Fransızlar 4 maçta toplam 3 gol buldu, ikisini rakipleri kendi kalelerine attılar. Biri de Mbappe’nin penaltısından geldi. Yani koskoca Fransızlar’ın henüz akan oyunda kendi futbolcularıyla bulduğu tek bir gol yok.

Portekizliler Çekya’yı uzatmalarda yenebildi. Gürcistan’a kaybettiler. Slovenler’i penaltılarla geçebildiler. Portekiz medyası, Cristiano Ronaldo ve Leao gibi oyuncularla presli bir oyun oynamalarının mümkün olmadığına inanıyor.

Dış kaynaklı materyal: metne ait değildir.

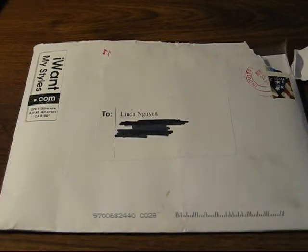What's up you guys, it's Linda Says What here with a review on IWantMyStyles.com. Also in here is going to be the unboxing, trying to make it one video. And here we go, I'm going to unbox it right here. IWantMyStyles.com — check them out, links and stuff will be in the sidebar.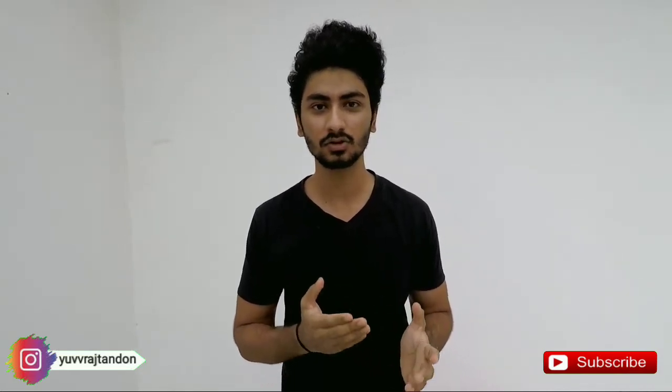Hello guys, welcome back to my channel. My name is YesTrandan and today I have brought you a headstand tutorial. Before I start the headstand tutorial, I want to tell you some important things.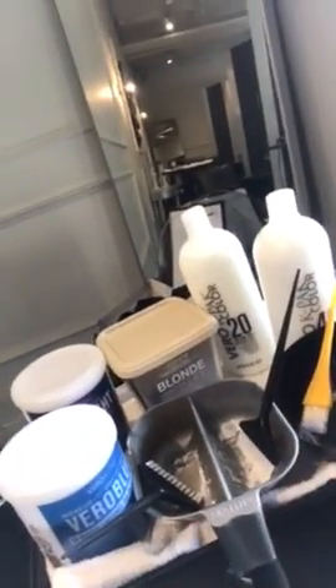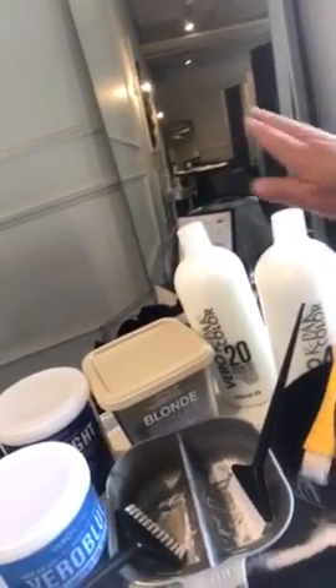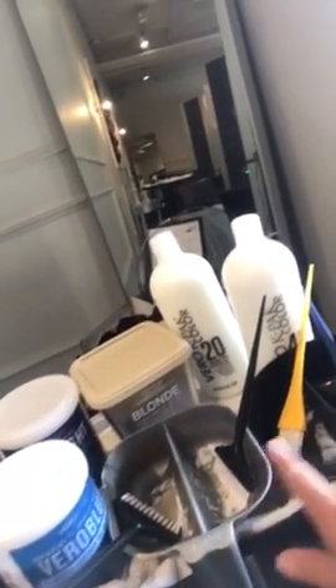So I've got six different bowls here of color. I've got 20 and I've got 40. The first three are all with 20 and the last three are all with 40. I'm going to be doing a trial in the back area and put him under heat, checking every 10 minutes to see which color his hair responds to best.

ŞAMPiYONLUĞU HAK EDEN BiR FUTBOL SERGiLEYEN YOK

İspanya-Almanya eşleşmesinden gelecek bir yarı finalist dışında, bu turnuvada şampiyonluğu hak eden futbol oynayan bir klasik büyük yok. Bu görüntüsüyle, bu dinamikleriyle bu turnuvadan sürpriz bir şampiyon çıkması beklenebilir kesinlikle. Eğer Avusturya dün bizi eleseydi, favoriler arasında adları anılacaktı. Biz elediğimize göre bizim ismimizin anılacağını öngörebiliriz rahatlıkla.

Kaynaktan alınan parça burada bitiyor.